Es gibt Probleme, die für den Großteil der Öffentlichkeit unsichtbar sind, für einige Familien aber eine Frage des Lebens. Menschen mit Hämophilie in Mazedonien leben, wie auf einer Pressekonferenz alarmiert wurde, seit mehr als einem Jahr in einem regelrechten Leidensweg wegen eines Mangels am Medikament "Faktor 8" - der Therapie, ohne die sich diese Krankheit nicht kontrollieren lässt.

Hämophilie ist ein Zustand, bei dem das Blut nicht normal gerinnt, sodass selbst die kleinste Verletzung lebensbedrohlich werden kann. "Faktor 8" ist kein Luxus und keine Zusatztherapie - es ist das Medikament, das diese Patienten am Leben und funktionsfähig hält. Wenn die Mengen auf Monate begrenzt sind, sind die Patienten gezwungen zu warten, zu rationieren und in ständiger Angst zu leben, was geschieht, wenn sie sich verletzen.

Und hier können sich die Institutionen nicht hinter der Floskel "das Gesundheitswesen ist ein komplexes System" verstecken. Es geht um eine relativ kleine Zahl von Patienten mit einem klaren, dokumentierten Bedarf. Wenn ein Staat eine kontinuierliche Therapie für ein paar Hundert Menschen mit einem lebensbedrohlichen Zustand nicht bereitstellen kann, ist die Frage nicht, ob es Geld gibt - die Frage ist, wo es verloren geht, und warum gerade diese Patienten immer am Ende der Schlange stehen.

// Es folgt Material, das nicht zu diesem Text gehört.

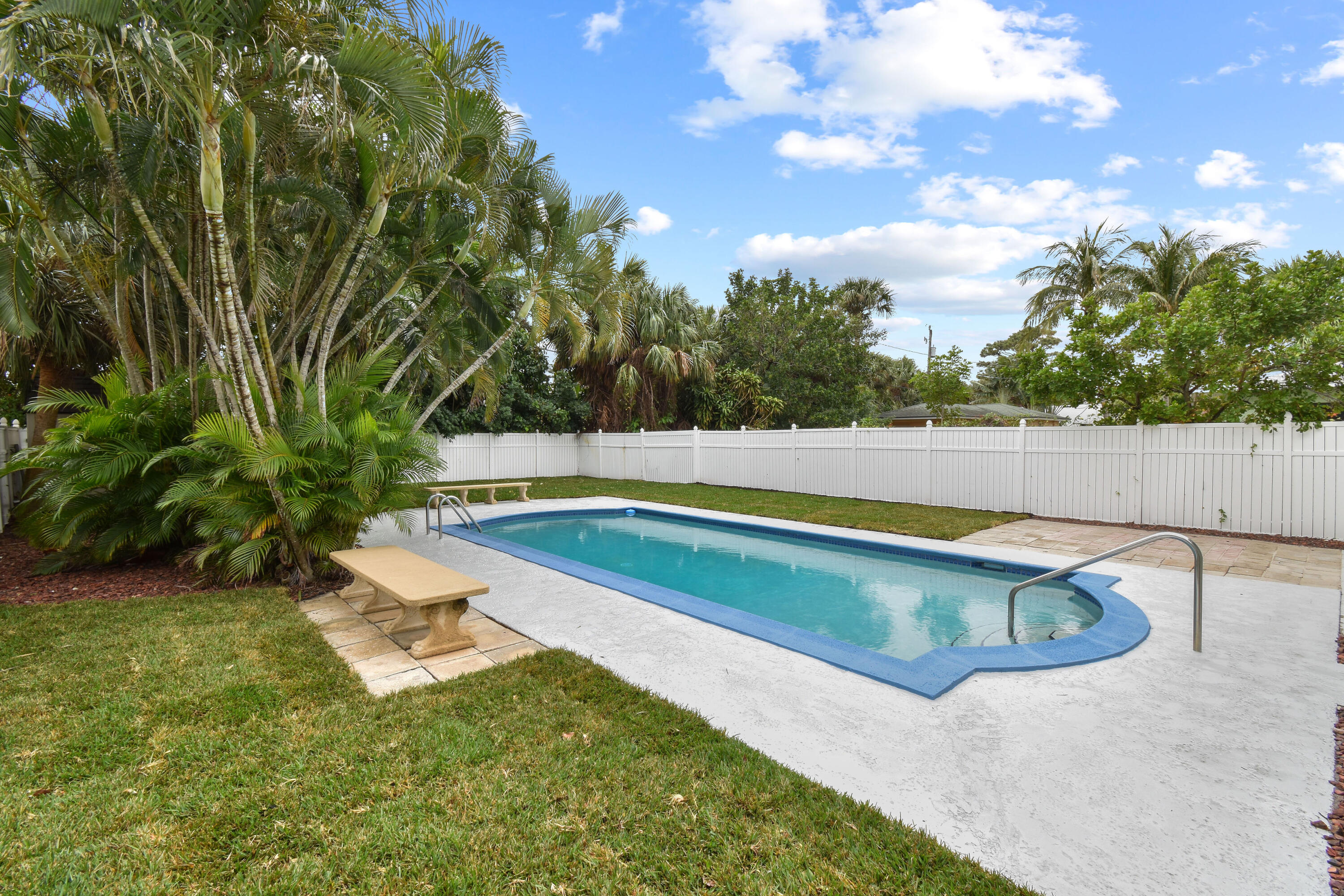 214 Seville Road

Hinter jeder solchen Nachricht steht eine Familie, die jeden Morgen mit einer Rechnung aufwacht - reicht das Medikament bis zum Monatsende. Das ist keine Politik, es ist eine Gesundheitsleistung, die jeder funktionierende Staat als grundlegend betrachtet. Wie lange wird eine Gesellschaft ihre verletzlichsten Bürger um etwas betteln lassen, das ihnen von Rechts wegen zusteht?